Possible to make a plugin to control IntelliJ via voice?
Hey all, I just made a proof of concept of using one's voice to program in eclipse (video https://www.youtube.com/watch?v=Ywmc-D0SqUw) However, I'm fast discovering that developing plugins for Eclipse is a nightmare (to just save the document took three days to figure out), and I'm looking into switching my voice-programming project completely to IntelliJ.
I've followed the tutorial on making a plugin at https://www.youtube.com/watch?v=-ZmQD6Fr6KE and IntelliJ plugin development feels very promising (For example, in IntelliJ I can just use PsiElement, whereas to do the same thing in eclipse I'd have to couple my entire plugin to the JDT, which is an entire other monster).
There's one critical feature that I need to implement, which is much too difficult to do in eclipse, and I hope will be easier in IntelliJ. The feature would help the user express a location in the document.
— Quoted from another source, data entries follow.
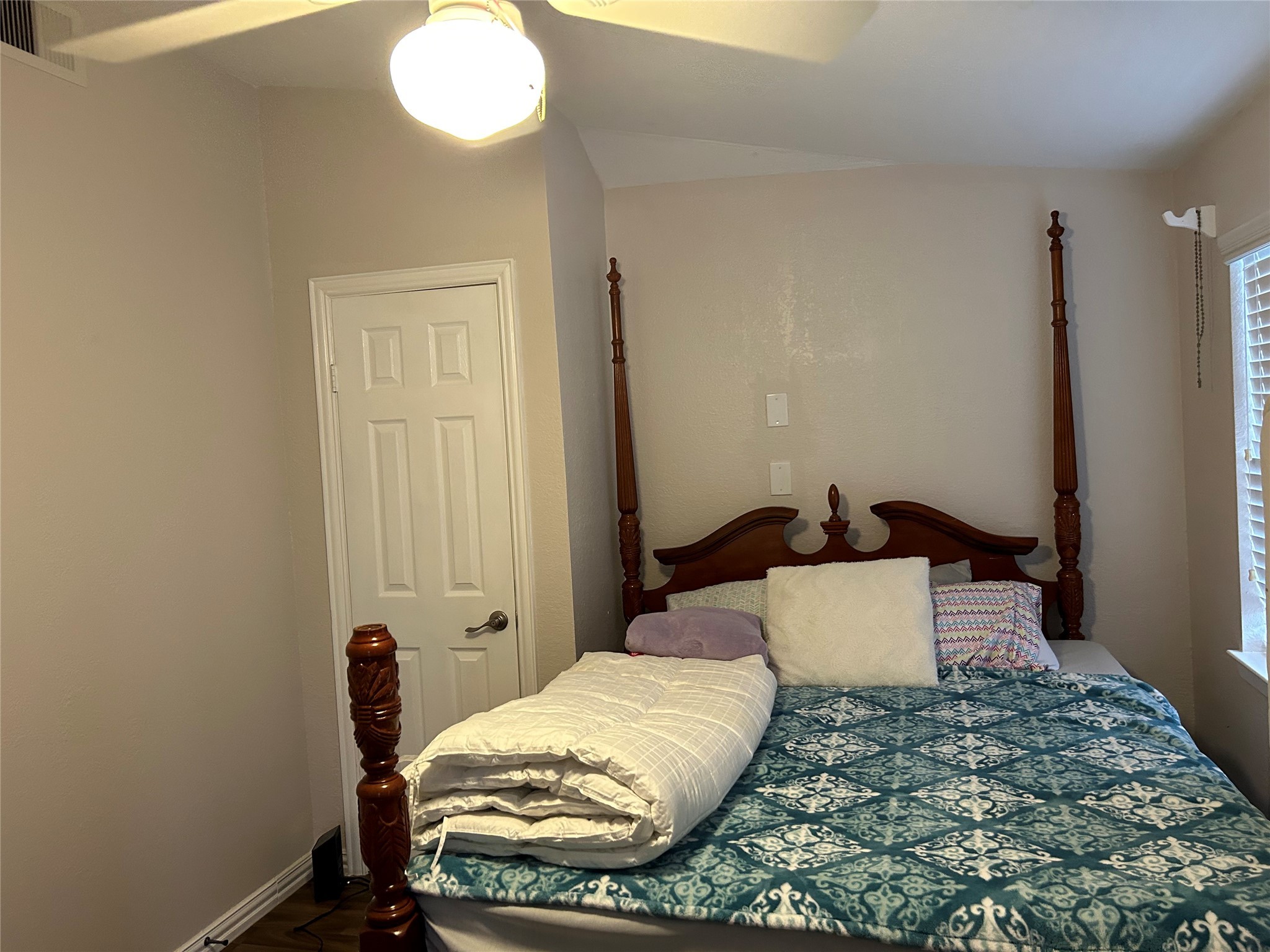 306 Isles End Road Tiki Island, TX 77554 - Photo 18 of 25 a bedroom with a bed and wooden floor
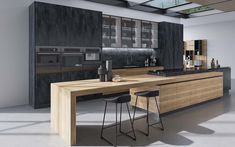 a modern kitchen with an island counter and bar stools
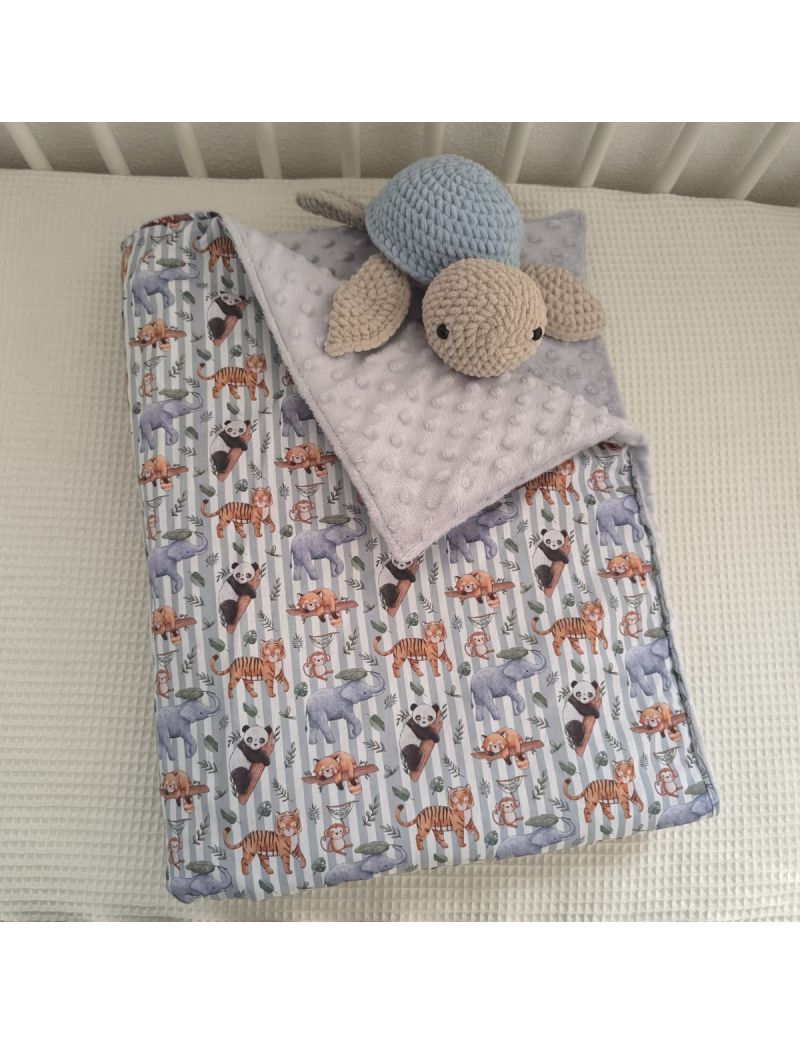 Manta de bebé em tecido com estampado de animais fofos sobre riscas verdes e brancas. O interior é forrado a tecido Minky cinzento. Está dobrada em cima de uma caminha, com uma tartaruga em amigurumi (como decoração)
In my current program I say "lab 9 crafter 4 rack" which means "line 9 after fourth right parentheses" but I want to improve the process a bit:
1. User says "lab 9"
2. A little overlay pops up over line 9 (obscuring line 10, but that's fine). The overlay would like this mock: http://i.imgur.com/WOktA1F.gif
It describes regions in the line that the user can refer to.
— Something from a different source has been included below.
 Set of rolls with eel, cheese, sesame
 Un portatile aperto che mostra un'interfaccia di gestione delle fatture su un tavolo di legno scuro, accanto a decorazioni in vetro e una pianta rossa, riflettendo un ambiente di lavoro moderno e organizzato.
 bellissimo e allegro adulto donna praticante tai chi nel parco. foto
3. User can say "h" to move the cursor to just before the left parentheses.
I've got other ambitions for the project, such as hooking up voice commands for all the menus and so on, but this is the feature I'm most worried about.
Anyway, if anyone could tell me whether it's possible to make an IntelliJ plugin like this, and give me a rough direction I can start looking into how to make this work, I would greatly appreciate it!
Please sign in to leave a comment.
Hi Evan! This is awesome! You should totally do this. There are two projects you might want to check out. First is a plugin called AceJump for the style of navigation you're looking for, specifically take a look at AceFinder for establishing the jump points, and AceCanvas for painting the overlay. There is also an EditorHelper class from ideavim that has a number of helpful methods. It's written in Kotlin, but it looks like you're pretty familiar with Java, so that shouldn't be a problem.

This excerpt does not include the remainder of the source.